Had the Clinton campaign approached the entire primary as they did Wyoming, it probably would not have changed the ultimate outcome. But it might have.
It was clear to both campaigns that Obama would win the Wyoming caucuses. We had been organizing for months and built up a solid lead. In a change from their approach to prior caucuses, however, the new Clinton regime decided to compete in Wyoming in an effort to hold down our delegate yields. They placed staff—albeit late—and both Hillary and Bill campaigned there in the closing days with other surrogates. It paid off for them in delegates.
We still won by a big margin, 61-38. But if the Clintons had not made that late effort, we almost assuredly would have gotten over 62 percent, which would have grown the delegate spread from 7-5 to 8-4 in our favor. Whether the Clinton campaign fully appreciated this lesson, I don’t know. “It’s a good thing they wised up so late in the process,” I told Jon Carson that afternoon. “Super Tuesday could have been a different ball game entirely.”
We also won Mississippi, as expected, netting a total of nine delegates in the two contests and erasing Clinton’s gains from March 4. That’s all it took.
There were now just 611 pledged delegates left to be allocated in the remaining contests, and our lead was just over 160. It was impossible—barring cataclysmic collapse—for Clinton to get within 100 pledged delegates of us. She had zero chance. Too little real estate left on the board.
We fixated on 100 as the magic number based on conversations with undeclared and undecided superdelegates. If our pledged-delegate lead never slipped below 100, there was virtually no chance that the supers would do anything but break en masse to us and deliver the nomination officially.
Meanwhile, we remained in a frustrating limbo.
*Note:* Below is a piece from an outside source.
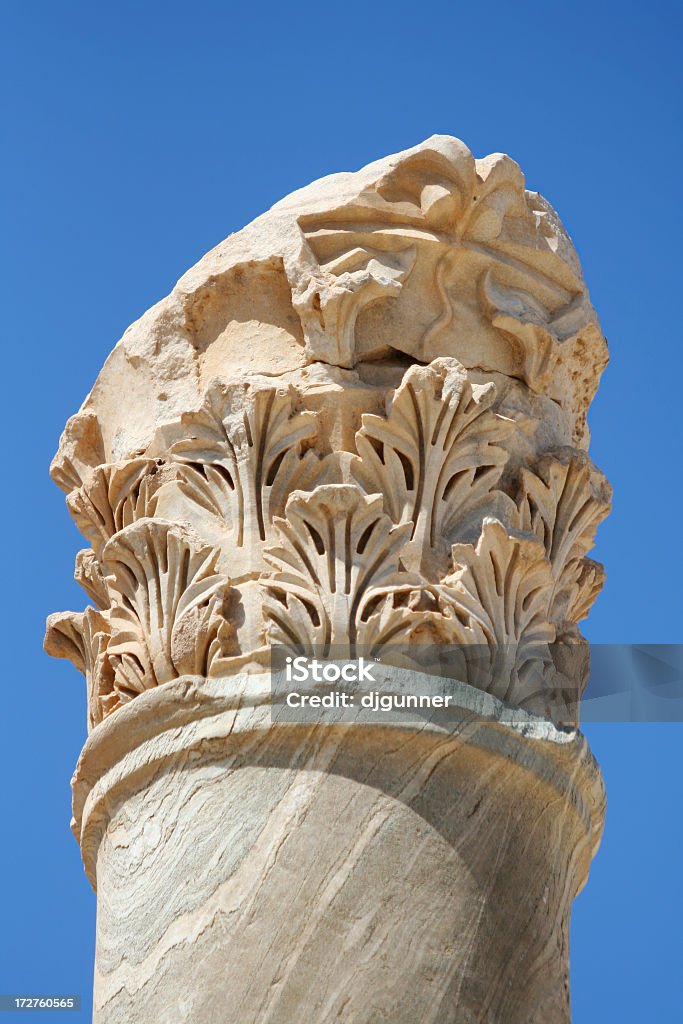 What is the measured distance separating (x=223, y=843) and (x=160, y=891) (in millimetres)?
406

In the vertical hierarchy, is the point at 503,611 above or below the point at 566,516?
below

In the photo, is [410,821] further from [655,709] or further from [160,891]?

Obama’s eventual nomination was all but assured, but we had to play out the remaining contests. McCain was already gallivanting around the country, running for president as the Republican nominee. Our race dragged on and on and on, with Clinton grasping on to faint hope that we would self-destruct in some way that would cause the supers to determine Obama was not electable, voters be damned.
That hope grew stronger when the Reverend Jeremiah Wright burst back onto the scene as we headed into the seven-week death march toward Pennsylvania, which voted on April 22. Those who missed him the first time around with his quotable zingers in Rolling Stone surely got a full dose of him now.
Wright was Obama’s longtime pastor at Trinity United Church of Christ. He married Michelle and Barack, and baptized the adult Obama and his children. In Obama’s early years at Trinity, the two men were quite close.
After their girls were born, the Obamas attended Trinity less frequently. Barack was traveling a lot, further cutting down his attendance, and his relationship with Wright was not as close as it had been. But Trinity was the Obamas’ faith home, and Wright was the flamboyant and forceful leader of the congregation and parish.